2. Buscar información acerca de Josecito en la hemeroteca del Congreso, en los anales de la Federación Argentina de Box, y por supuesto en Google: fotos de Josecito derribando a un oponente, o levantando las manos por un triunfo, le darían sentido al documental. También algún testimonio de boxeadores de aquella época vendría perfecto.

Pero, después de un tiempo de búsqueda, en ninguna fuente encontré ni media línea sobre José Arroyo.

No me di por vencido, y averigüé en gimnasios de boxeadores, y hasta en los propios archivos del Luna Park. Y como me habían dicho que su carrera se desarrolló mayormente en el interior del país, me contacté con algunos periódicos provinciales. Nadie sabía nada.

Incluso un día me lo crucé a Osvaldo Príncipi en el subte, y de caradura me presenté para preguntarle sobre el campeón de Puerto Echeverría. Pero el resultado fue el mismo: tampoco un experto como él sabía de José Arroyo.

Debí asumir que las hazañas del “campión” habían quedado muy atrás en el tiempo, y me enfoqué en lo primero que debía haber hecho: entrevistarme con la gente misma de Puerto Echeverría.

 

Aun desde Buenos Aires, yo seguía supervisando el funcionamiento de la planta.

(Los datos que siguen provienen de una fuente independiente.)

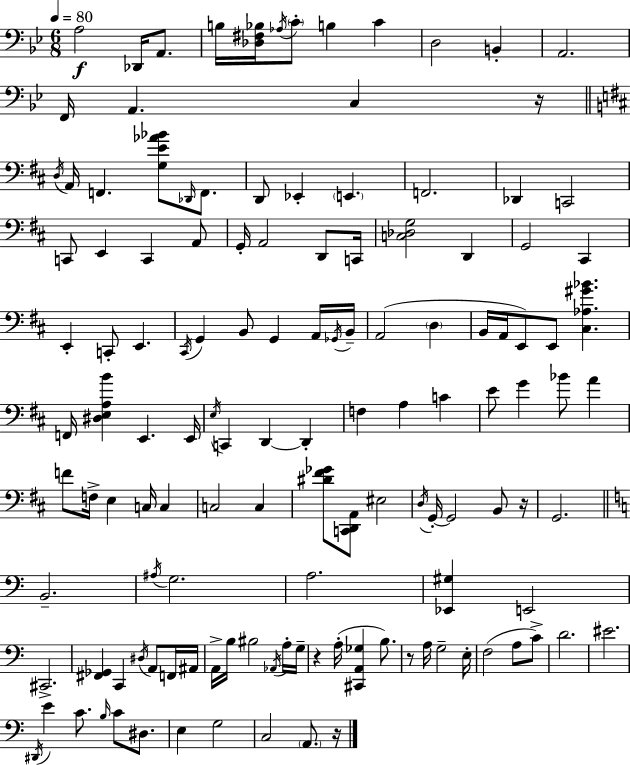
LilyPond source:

Aprovechando que debíamos inspeccionar unas máquinas nuevas, decidí viajar yo a Misiones. Así que coordiné con los muchachos para vernos, y enseguida el Chango prometió que haríamos un asado en el club.

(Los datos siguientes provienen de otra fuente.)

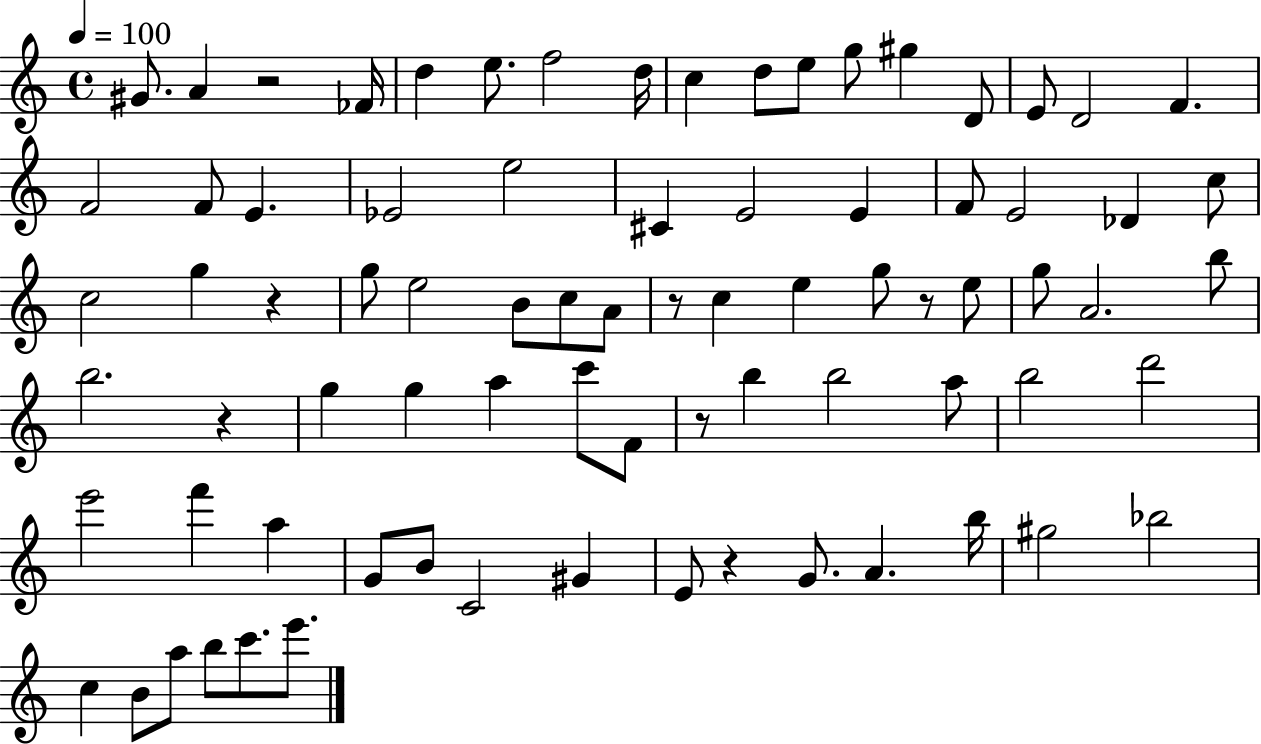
X:1
T:Untitled
M:4/4
L:1/4
K:C
^G/2 A z2 _F/4 d e/2 f2 d/4 c d/2 e/2 g/2 ^g D/2 E/2 D2 F F2 F/2 E _E2 e2 ^C E2 E F/2 E2 _D c/2 c2 g z g/2 e2 B/2 c/2 A/2 z/2 c e g/2 z/2 e/2 g/2 A2 b/2 b2 z g g a c'/2 F/2 z/2 b b2 a/2 b2 d'2 e'2 f' a G/2 B/2 C2 ^G E/2 z G/2 A b/4 ^g2 _b2 c B/2 a/2 b/2 c'/2 e'/2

Alquilé un auto en el aeropuerto de Posadas y enfilé hacia la yerbatera. Una vez que resolví los temas laborales, me mandé a Puerto Echeverría. Advertí que todo estaba exactamente igual que cuando me había despedido. Excepto el nombre de la calle principal; de la desolada calle principal.

Era la tardecita, y no pasé por el bar del Cacha: preferí evitar las lápidas y las miradas robóticas.

 

En el asado había por lo menos unos diez amigos, y me mataron a abrazos. Se los veía bastante bien.

—Tenemos una sorpresa para darte, porteño —dijo Chucho Reyes cuando ya habíamos liquidado la parrillada.

—¿En serio? —dije—. Yo también. Pero empezá vos.

—En octubre, otra vez festejamos a Josecito. Otra vez la fiesta, vos viste.

—Qué buena noticia, Chucho —dije, gratamente sorprendido: la novedad empalmaba con mi proyecto—. ¿Y qué piensan hacer? Digo, ahora que…

—… alquilamos a un pibe y a un viejo —dijo Artemio—, que van a hacer del nieto y de Josecito.

Miré las sonrisas de todos, y me di cuenta de que no era chiste. Me guardé cualquier crítica: qué sentido tenía objetarles lo bizarro de la idea. Ellos eran felices así.

—Bueno —dije—, yo creo que puedo aportar algo a esa fiesta.

Y les presenté la idea del documental. Al principio se mostraron expectantes.

—Ahora bien —dije—: necesito que ustedes me digan con quién puedo hablar para conseguir más información. Estuve averiguando en varios lugares, y en ninguno encontré nada de Josecito.

Todos se miraron, y muy seriamente el Chango Martínez dijo:

—Vos tenés que hablar con nosotros. Nosotros te vamos a contar todo.